Agreeing with Zman for Once

Some points (emphasis added).

I’m usually highly critical of Zman, but this piece is fairly good, particularly as some of his comments overlap with some things I’ve written about in the past.  A few comments:
That is a bit of an exaggeration, but the point is to give Antifa as little time as possible to organize a riot. It works pretty well, but not this year. They were onto the location just as the doors opened. 
What does that tell you?  That the group in question has been infiltrated.  That the Left knew all about your precautions and set-up, probably because all of the “extreme vetting” failed once again.  Operational security is a fatal flaw in Der Movement; and that applies to Europe as well as America. Remember Steadman?
As we see in the States, Antifa in Denmark enjoys broad police protection. 
And who votes into power the politicians that enable this?
This is an old topic I have been debating with Fróði for months…I’ve tried to explain this to them, but they don’t get it
OK, if they cannot understand a simple concept after months of debate (months!), then that doesn’t reflect well on their intelligence or common sense.
It also ties into another topic that is popular at dissident conferences and came up in this one during Q&A. In America, dissident politics tends to attract losers and weirdos, who have nothing to lose. They don’t care about being outed, because no one cares enough about them to bother. In order to attract high quality people, we have to deal with their fear of doxing. Allowing guys to stay anonymous is a part of doing business in American politics now. That’s not the case in Europe.
This is exactly the point I’ve been making for years now.  Defeating social pricing is a key for success for American activism.  We need POPA, among other things.
Another thing that is different in Europe from the US is the dissident movements spring from different roots. In Europe, the guys you see organizing came out of hard right party politics and the underground scene. Collett was in the British National Party, which is a fascist party, for the most part. Fróði got into politics through the far-right Scandinavian subculture and from reading people like William Pierce. Over time, their views moderated and changed in the face of multiculturalism and immigration.
That’s why they are more successful.
In America, most dissidents came through libertarianism…
That’s why American “activism” is pathetic joke – or one reason at least.
It is an interesting contrast, in that the Euros are trying to clean up their act, while the Americans are trying to dirty up their act. For example, Collett, who is a reformed drinker, is intolerant of alcohol and drugs in his organization. He is relentless in his demand for making the right presentation. He talks about health and fitness, personal grooming and how to properly approach people on politics. In America, dissidents are always on guard for cucking, to the point of distraction.

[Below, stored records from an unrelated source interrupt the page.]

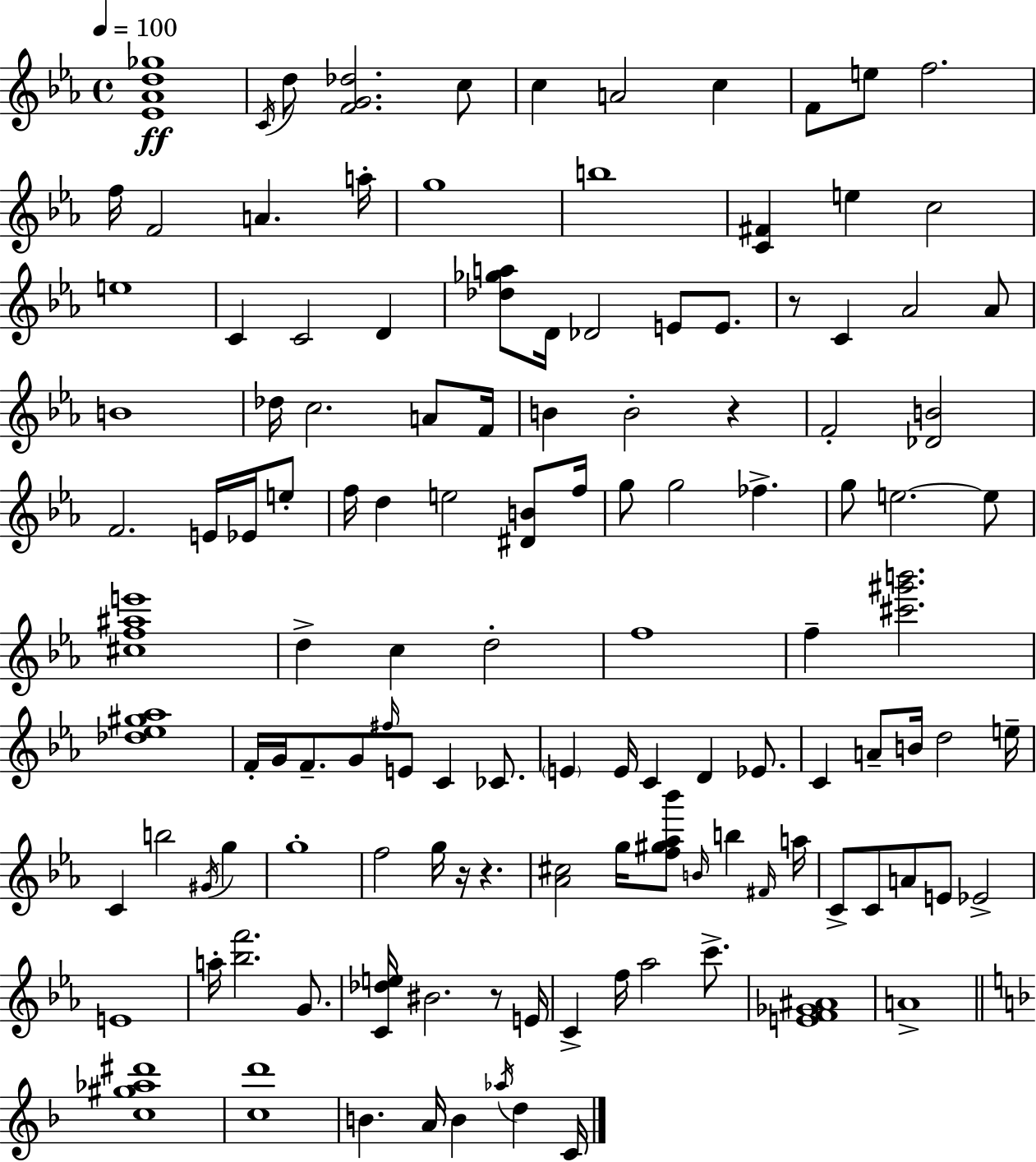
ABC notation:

X:1
T:Untitled
M:4/4
L:1/4
K:Eb
[_E_Ad_g]4 C/4 d/2 [FG_d]2 c/2 c A2 c F/2 e/2 f2 f/4 F2 A a/4 g4 b4 [C^F] e c2 e4 C C2 D [_d_ga]/2 D/4 _D2 E/2 E/2 z/2 C _A2 _A/2 B4 _d/4 c2 A/2 F/4 B B2 z F2 [_DB]2 F2 E/4 _E/4 e/2 f/4 d e2 [^DB]/2 f/4 g/2 g2 _f g/2 e2 e/2 [^cf^ae']4 d c d2 f4 f [^c'^g'b']2 [_d_e^g_a]4 F/4 G/4 F/2 G/2 ^f/4 E/2 C _C/2 E E/4 C D _E/2 C A/2 B/4 d2 e/4 C b2 ^G/4 g g4 f2 g/4 z/4 z [_A^c]2 g/4 [f^g_a_b']/2 B/4 b ^F/4 a/4 C/2 C/2 A/2 E/2 _E2 E4 a/4 [_bf']2 G/2 [C_de]/4 ^B2 z/2 E/4 C f/4 _a2 c'/2 [EF_G^A]4 A4 [c^g_a^d']4 [cd']4 B A/4 B _a/4 d C/4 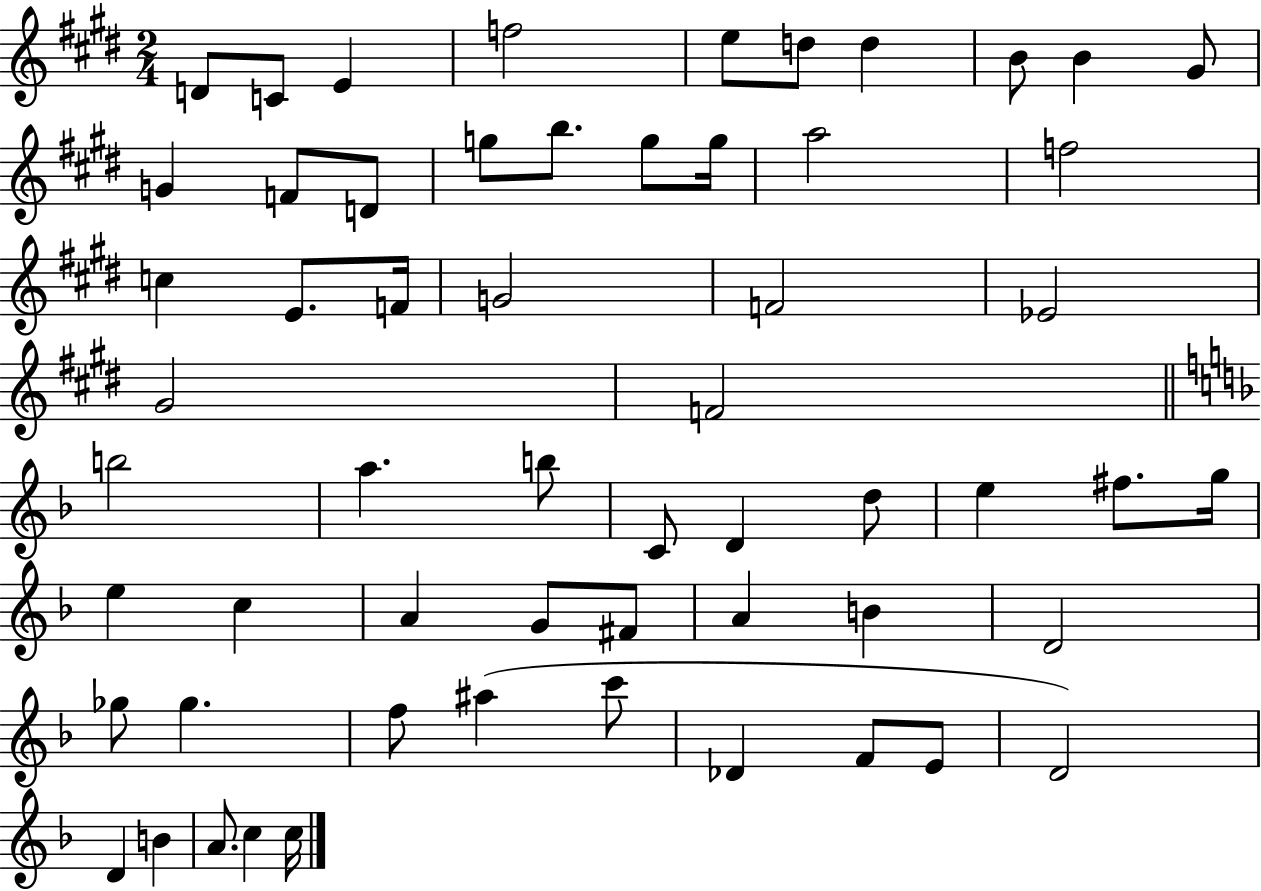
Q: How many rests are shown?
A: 0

Yes, Zman, but that wasn’t always the case.  In WN 1.0, people like Pierce preached much of what Collett says. It is only with your vaunted WN 2.0, the Beavis-and-Butthead WN of the Alt Right, that we have the “dirtying up.”
All-in-all it was a good time. There are things Americans can learn from the Euros, particularly when it comes to organizing. It’s always good to socialize with people who understand the issues. A big part of the dissident project is community building and that can only happen with in-person events. No matter what comes next, the people to come out the other end in the best shape will be those who have the community strength to handle whatever comes. When the crisis comes, we have to be ready for it.
I agree about community building. The problem is that it is very difficult, if not impossible in America, due to the social pricing problems alluded to by Zman, the high degree of defectives in the “movement,” the incompetent organizing and consequent ease of infiltration, and the bad behavior tolerated at meetings (e.g., the Pilleater Chronicles).